*** Opening Exercise data ***
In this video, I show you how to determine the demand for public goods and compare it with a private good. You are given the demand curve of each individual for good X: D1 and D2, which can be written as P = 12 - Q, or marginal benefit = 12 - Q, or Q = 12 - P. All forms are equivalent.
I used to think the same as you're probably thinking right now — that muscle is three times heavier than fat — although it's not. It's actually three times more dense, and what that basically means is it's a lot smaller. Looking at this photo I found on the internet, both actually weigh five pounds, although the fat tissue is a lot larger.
*** Closing Exercise data ***
*** Opening Exercise data ***
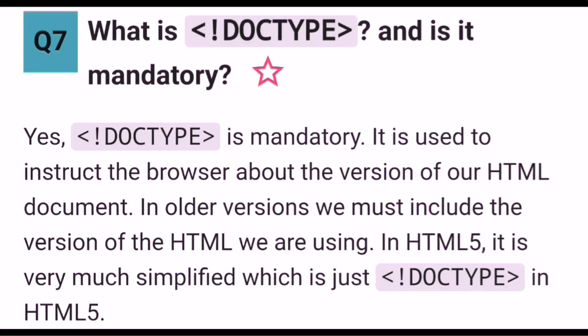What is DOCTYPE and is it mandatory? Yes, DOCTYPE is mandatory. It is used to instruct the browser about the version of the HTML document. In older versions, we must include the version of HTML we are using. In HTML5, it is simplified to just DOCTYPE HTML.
*** Closing Exercise data ***
* [Your objective] Some lines of the data above may hold the word "this"; report how many do, and nothing else.

* [Answer section] 2